En el aparcamiento del Doctors Hospital Ohio Health no quedaba ninguna plaza libre. Vernon dio un par de vueltas hasta que vio cómo una mujer caminaba despacio hacia un coche, que luego arrancó, marchándose de allí. Se apresuró y llegó al hueco vacío al mismo tiempo que un jeep enorme. Se detuvieron capó contra capó mientras Vernon le dirigía tal mirada de furia que el otro conductor finalmente reculó, le hizo un corte de mangas y se fue.

—Durante todos estos años, Ruben, todos esos homicidas con los que he tratado, me he encontrado gente de toda clase.

Seguían dentro del coche. Vernon quería contárselo, y estaba seguro de que Ruben quería escucharlo.

—Conozco al dedillo la pinta que tienen. Sé cómo se comportan, cómo piensan. Cómo te miran los que son culpables.

—Sé que John es inocente.

—Ruben, estoy plenamente convencido de ello. De lo contrario, yo no habría venido hoy aquí.

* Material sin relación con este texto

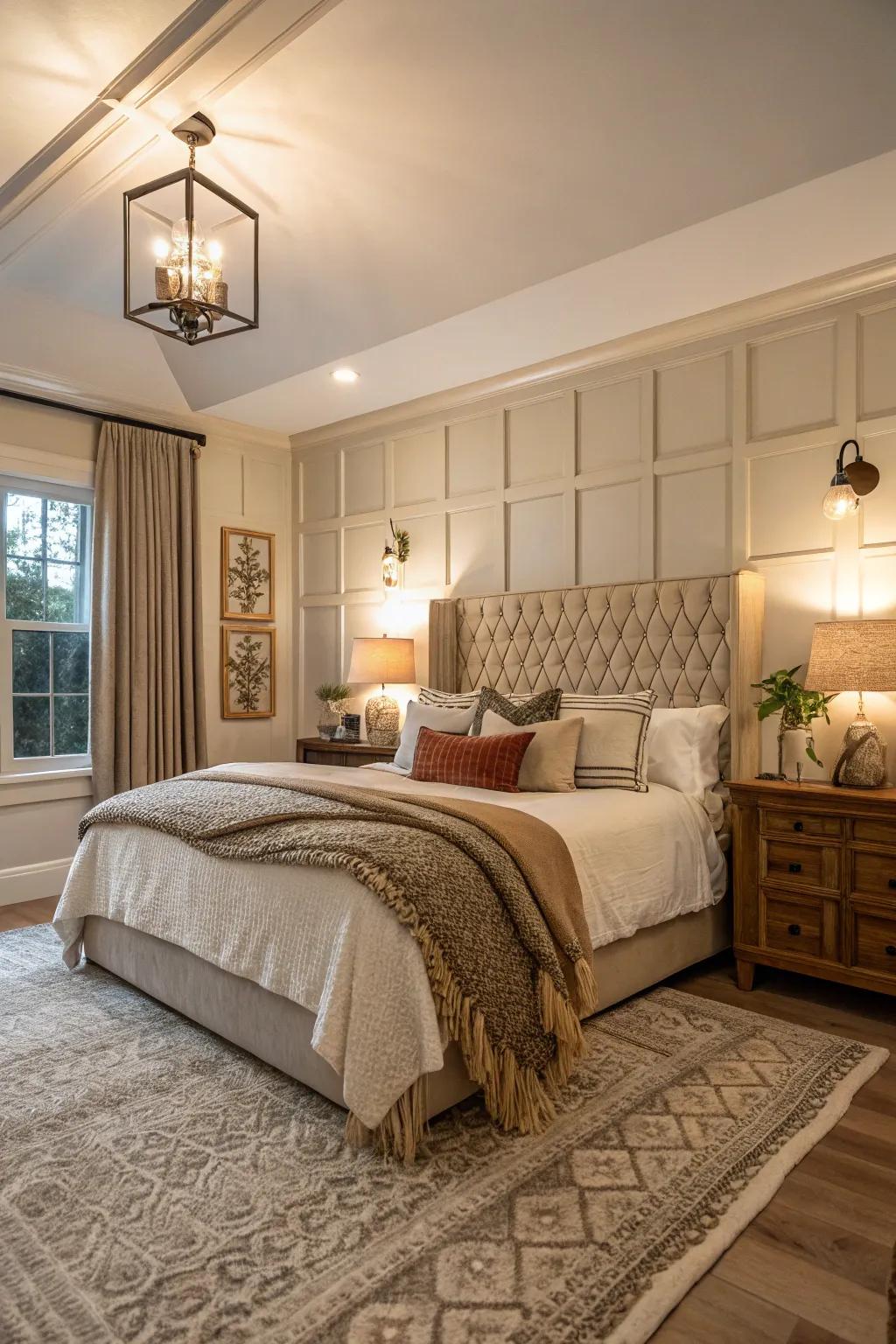 Textural layers with paneling fashion an inviting and abundant atmosphere.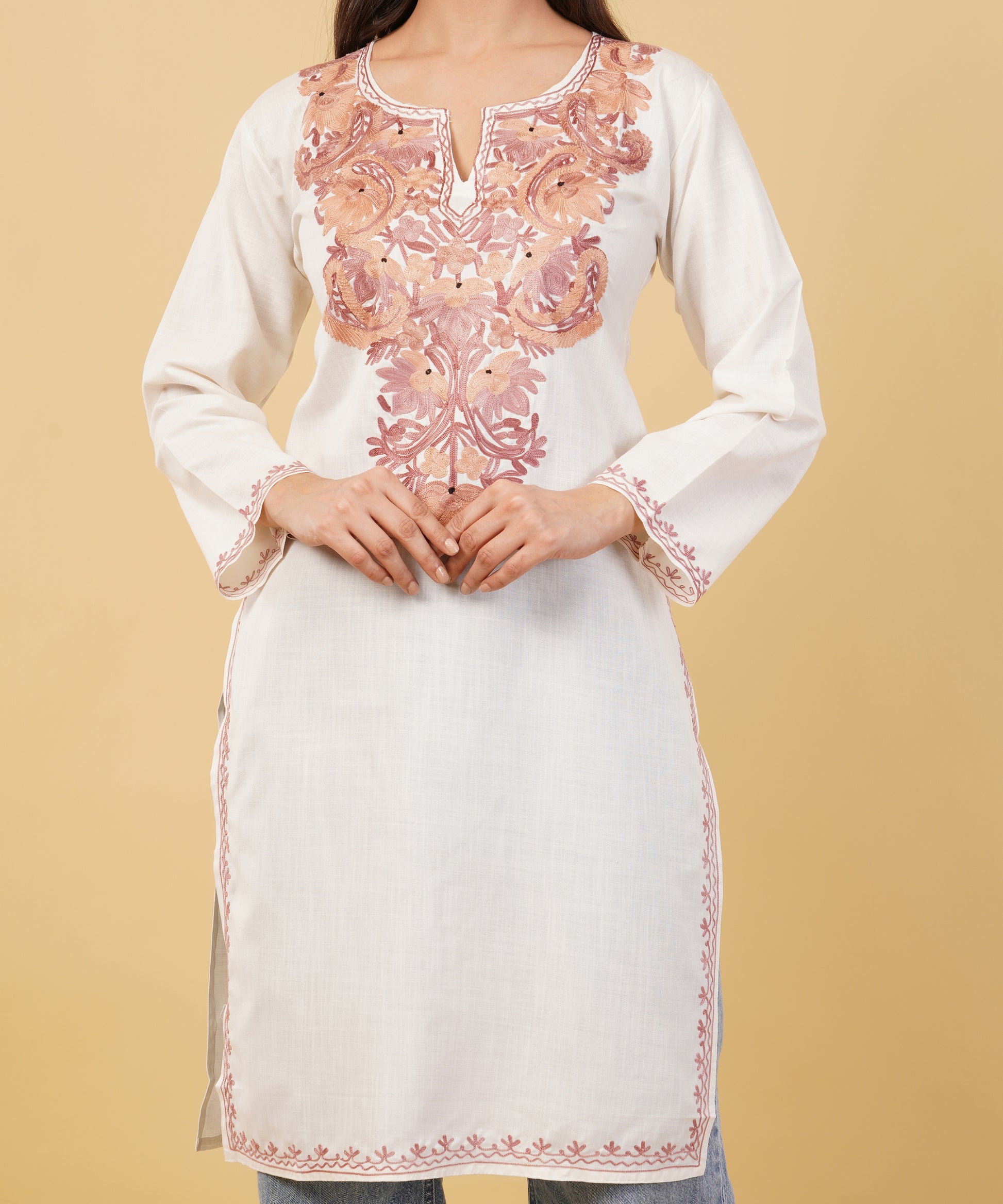 Kashmiri Aari embroidery Cotton Long Kurti Size-36 (White)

Vernon había estado allí varias veces. Sin dudarlo, cruzó la entrada principal del hospital y, pasando ante el mostrador de información, se dirigió a los ascensores que subían al noveno piso. Se colocaron uno junto al otro frente a los grandes e inevitables espejos.

Vernon: alto, con el pelo fino peinado en cortinilla; Ruben: bajito y con treinta o cuarenta kilos de más.

—Las cosas como son, Ruben. Varios estudios en todo el mundo han demostrado que alrededor de un dos, tal vez un tres por ciento de los que están en la cárcel han sido condenados injustamente. O bien ha habido un error en la calificación del delito, o bien son pura y simplemente inocentes. Algunos criminólogos sostienen que el porcentaje es aún mayor. Y John, tu John, estoy tan seguro como tú de que es uno de ellos.

El reflejo del hombre achaparrado se llevó una mano al rostro. Al mirarle de cerca, uno se daba cuenta de que lloraba en silencio.

—Ese dos por ciento, Ruben, parte de él también está, por supuesto, conmigo. En el corredor de la muerte. Esperando el final. Y somos nosotros, el Estado, quienes le quitamos la vida.

Vernon contempló en el espejo la imagen del hombre encorvado, la rodeó con el brazo.

—Eso es lo que se me hace insoportable. Por lo menos en mi mundo.

La capilla se hallaba al fondo del pasillo del noveno piso.

Dos velas blancas flameaban en lo que Vernon siempre había supuesto que era el altar.

Algunas sillas un poco alejadas, habían movido una mesa para colocarla ante ellas.

Allí se encontraba el sacerdote —el padre Jennings—, así como los dos médicos: el más joven, llamado Lawrence Greenwood, y la mayor, Bridget Burk. Vernon los saludó, les presentó a Ruben y se estrecharon la mano. Este recibió una cordial acogida: le aseguraron que juntos evitarían la muerte de su hijo.